There's some interesting projects I was thinking of working on, but most of them seem to depend on some form of entropy coding, so I thought "why not implement it myself?" And I did.

The idea of entropy coding is to compress more common symbols with fewer bits and less common symbols with a few more bits, approaching the "entropy" of the entire message. Usually what's referred to is a kind of average entropy, but there's other ways of thinking about it, as well. This always has to do with probability modeling or prediction. Arithmetic coding uses these modeled probabilities to then encode some symbols. However, it is not the only technique for this, and there's others, such as Huffman coding and ANS. I may look at those later.
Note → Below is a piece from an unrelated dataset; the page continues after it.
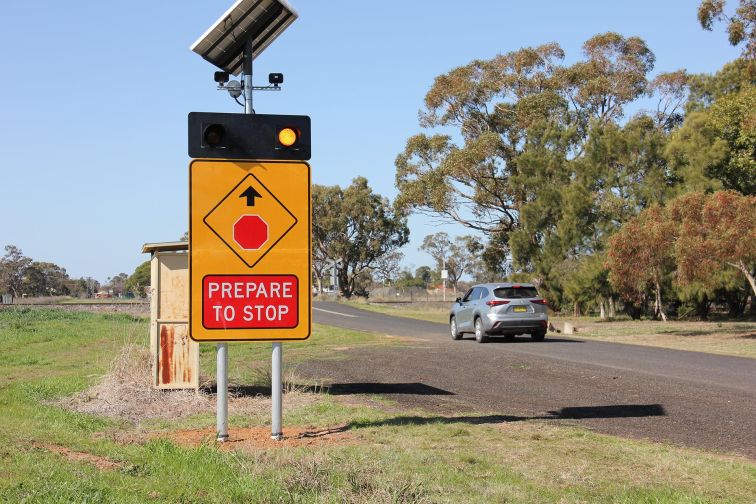 A car drives past a smart sign in Narromine, with flashing lights warning the driver to prepare to stop at the level crossing ahead.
Arithmetic coding is interesting in that the implementation requires a little something extra. The basic principle is to code for conditional probabilities (fed by the model) into one long number within the range [0,1). The principle is sound but the limited accuracy of floating point becomes a problem for anything but the shortest of messages. That's why practical implementations are based around integer arithmetic, to provide for just enough accuracy.
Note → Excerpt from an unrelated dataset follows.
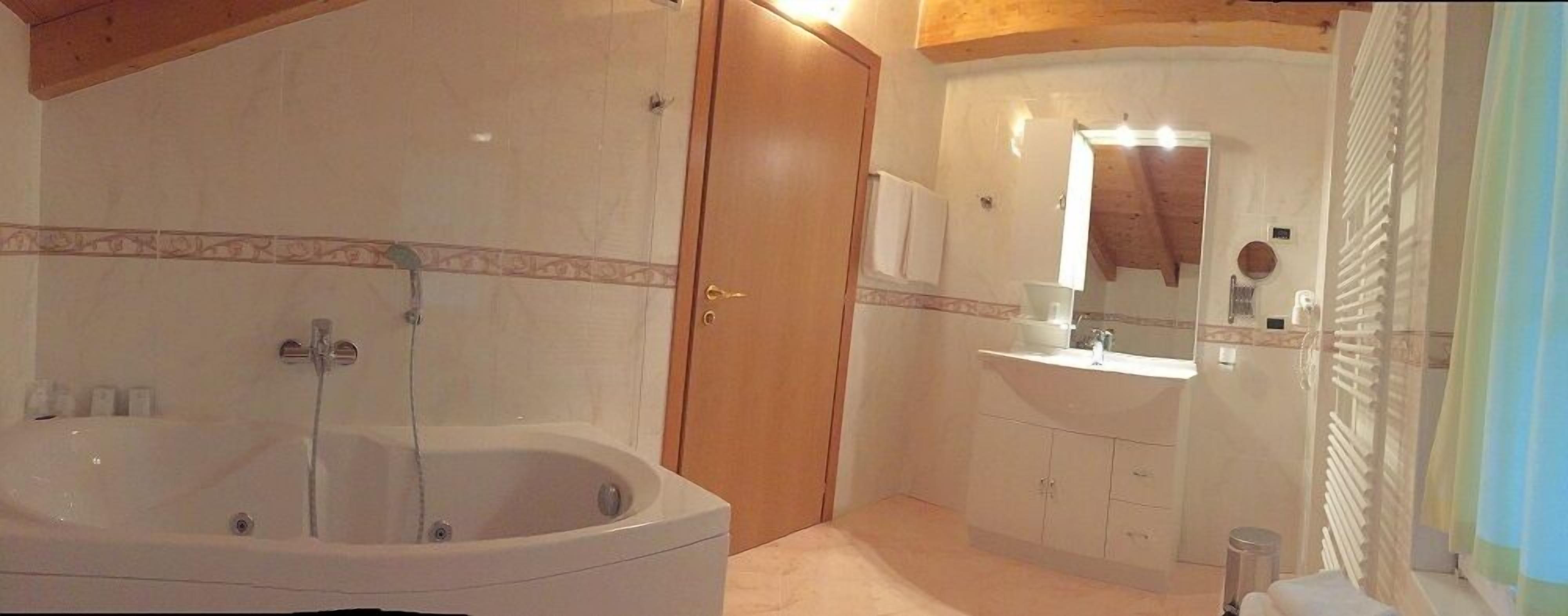 A bathroom with a bathtub, a sink, and a mirror.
For my implementation, I used the very well known CACM87 article on arithmetic coding, which details a similar implementation in C. It is in fact the only kind of implementation I've seen, although once you've seen it, you could probably figure out other ways of doing it, as well. My implementation is otherwise the same except I replaced the probability modeling data structures used in the article with a Fenwick tree. You can read about Fenwick trees from Mr. Fenwick himself, here. Long story short, the Fenwick tree is a very simple, elegant way to store cumulative frequencies. Even though it provides logarithmic access and updates, I'm not sure it provides that much of a speed advantage here because the amount of different symbols is usually not very large, so I believe most data structures you could use fit in the cache anyway. You'd have to measure it and see. I used it just because of how simple it is to implement.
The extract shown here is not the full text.